*What is needed*:
Write every record below out exactly; no images.

[Saved data entries]

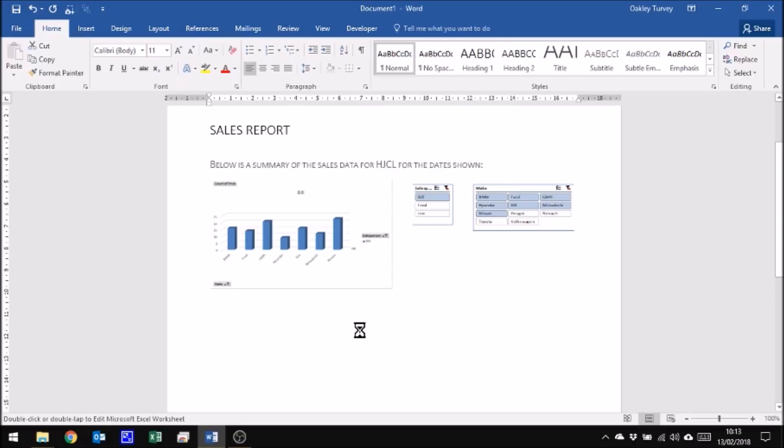And again, of course, at any time when I'm happy with my report, I can just click F12 to save as and choose a PDF to save the file.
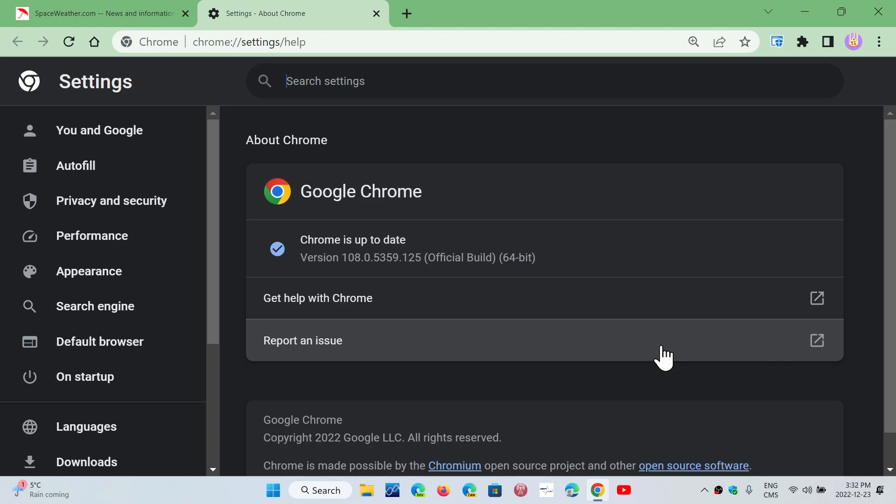But starting with version 110, on February 1st, there will be a subset of users that are going to have the early stable version. And if all goes well, on February 7th, everybody will start getting version 110. So that's going to be interesting to see how it works and if it really helps in making Google Chrome much more stable for sure.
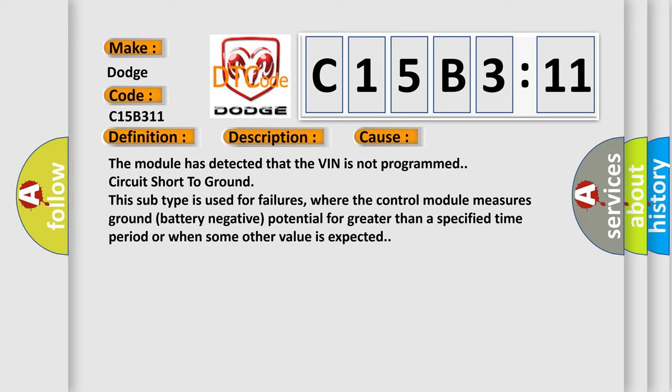This subtype is used for failures where the control module measures ground battery negative potential for greater than a specified time period or when some other value is expected.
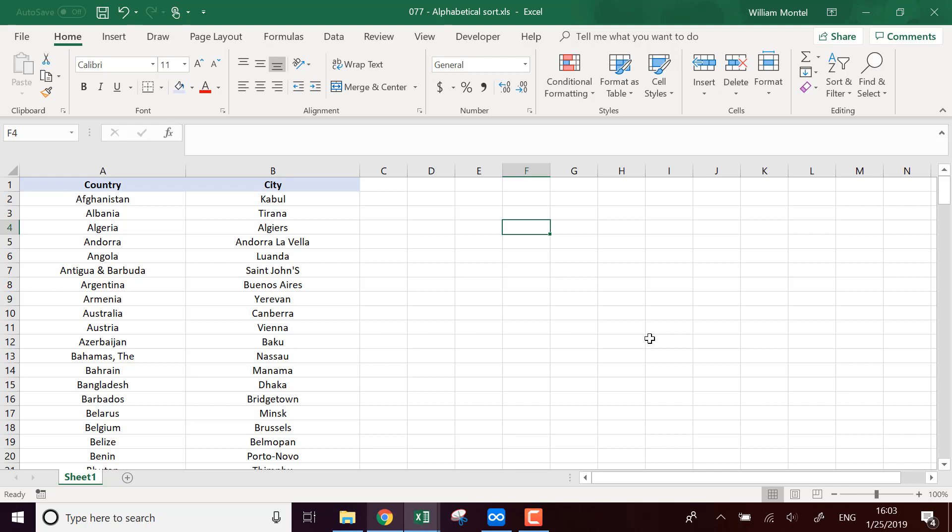Hello Excel Champions, it's William aka DrExcel. Today I'm going to show you how to sort alphabetically a list with the formula.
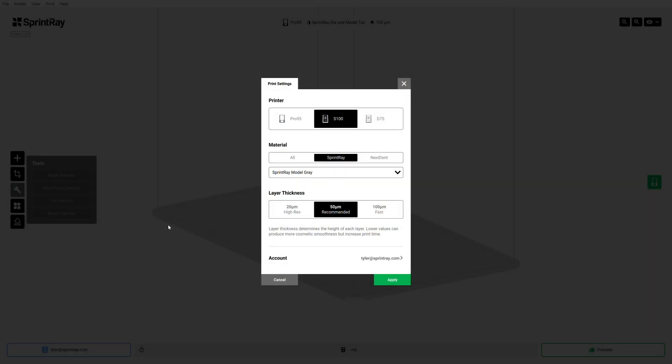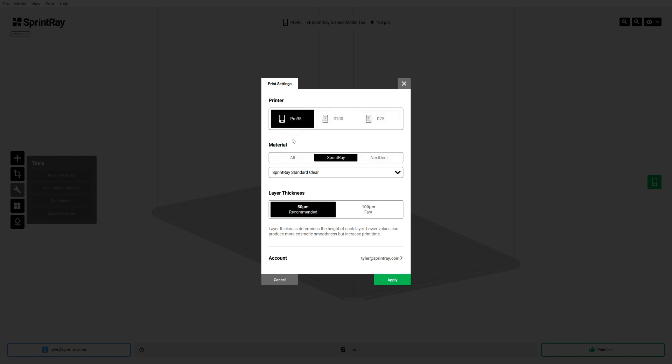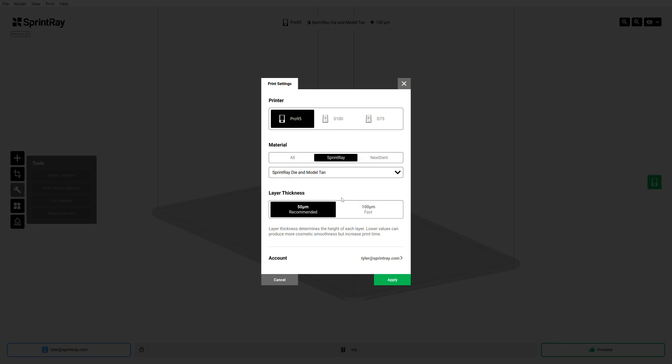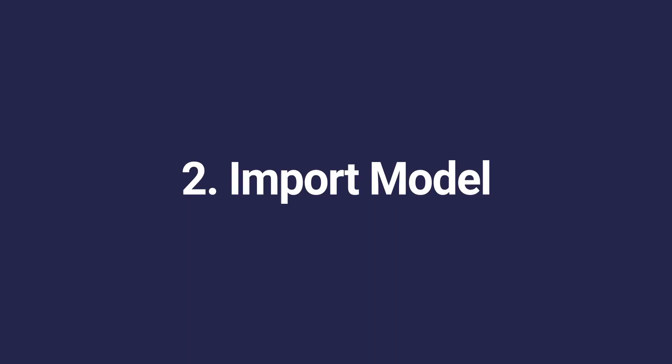So to begin, start Rayware and let's set it up to print. When we first fire up Rayware, we're going to be greeted with this screen. We're going to select Pro95 because we're going to be working with Sprint Ray Pro today, Sprint Ray resins, and then Sprint Ray Die Model 10 is going to be the specific resin we're going to use. We're going to set the layer thickness to 100 microns. Once we've selected the printer, material, and layer thickness, we can press apply.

*Output of the task*:
And again, of course, at any time when I'm happy with my report, I can just click F12 to save as and choose a PDF to save the file.
But starting with version 110, on February 1st, there will be a subset of users that are going to have the early stable version. And if all goes well, on February 7th, everybody will start getting version 110. So that's going to be interesting to see how it works and if it really helps in making Google Chrome much more stable for sure.
This subtype is used for failures where the control module measures ground battery negative potential for greater than a specified time period or when some other value is expected.
Hello Excel Champions, it's William aka DrExcel. Today I'm going to show you how to sort alphabetically a list with the formula.
So to begin, start Rayware and let's set it up to print. When we first fire up Rayware, we're going to be greeted with this screen. We're going to select Pro95 because we're going to be working with Sprint Ray Pro today, Sprint Ray resins, and then Sprint Ray Die Model 10 is going to be the specific resin we're going to use. We're going to set the layer thickness to 100 microns. Once we've selected the printer, material, and layer thickness, we can press apply.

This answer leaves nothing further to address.